# [Data supplied]
★ ★ ★
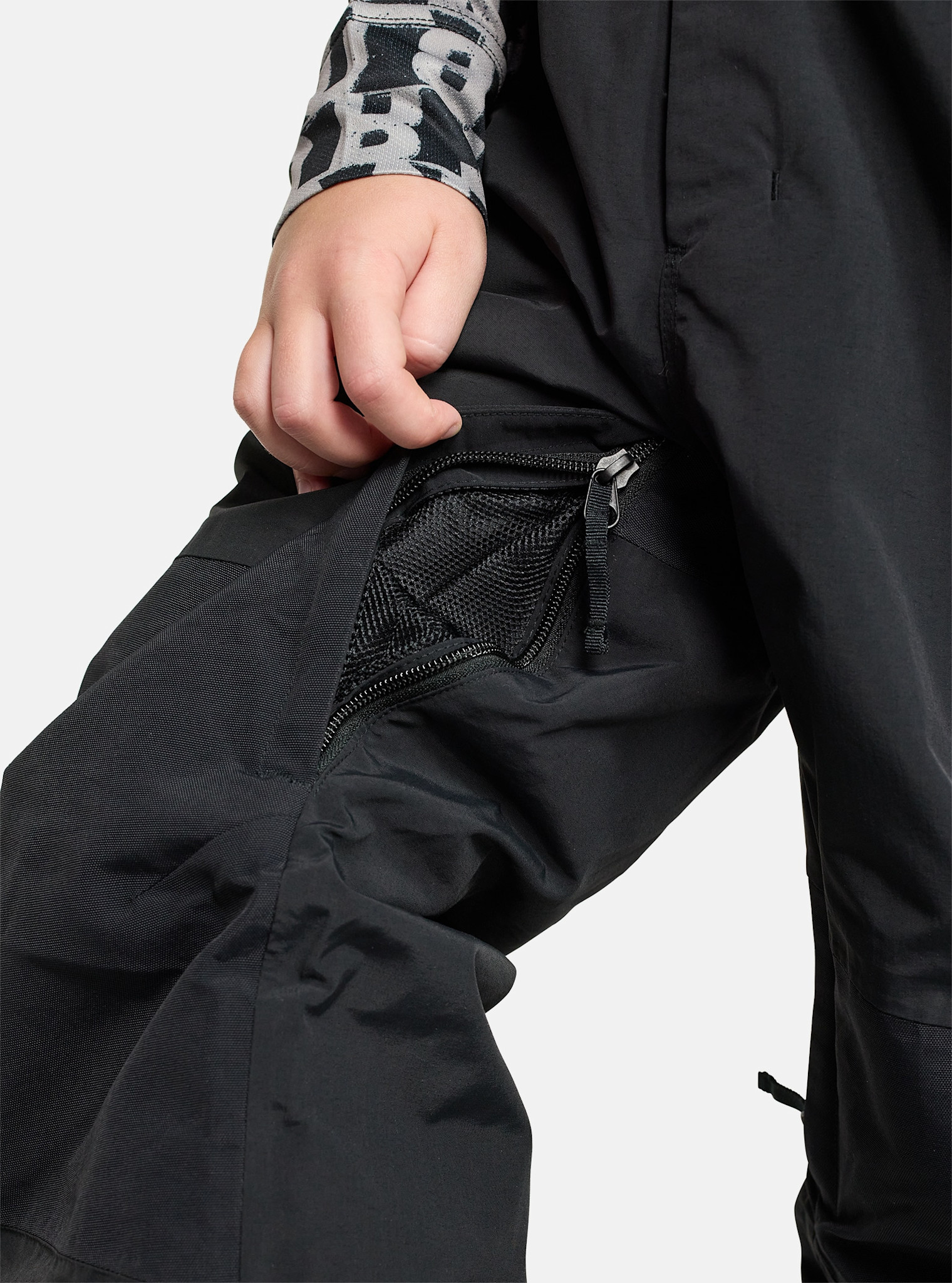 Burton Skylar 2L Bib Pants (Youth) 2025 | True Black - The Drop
★ ★ ★
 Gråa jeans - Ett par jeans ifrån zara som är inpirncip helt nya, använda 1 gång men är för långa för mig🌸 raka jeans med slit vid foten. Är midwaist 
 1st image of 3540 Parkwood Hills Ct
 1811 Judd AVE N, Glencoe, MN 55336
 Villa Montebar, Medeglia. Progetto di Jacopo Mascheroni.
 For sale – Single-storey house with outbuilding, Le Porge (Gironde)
★ ★ ★
# [About this exercise]
Taking the listing above as the source, transcribe only the lines starting at the line with "1st image of 3540 Parkwood Hills Ct" and going through the line with "For sale – Single-storey", unaltered and with both ends included.

# [Written answer]
 1st image of 3540 Parkwood Hills Ct
 1811 Judd AVE N, Glencoe, MN 55336
 Villa Montebar, Medeglia. Progetto di Jacopo Mascheroni.
 For sale – Single-storey house with outbuilding, Le Porge (Gironde)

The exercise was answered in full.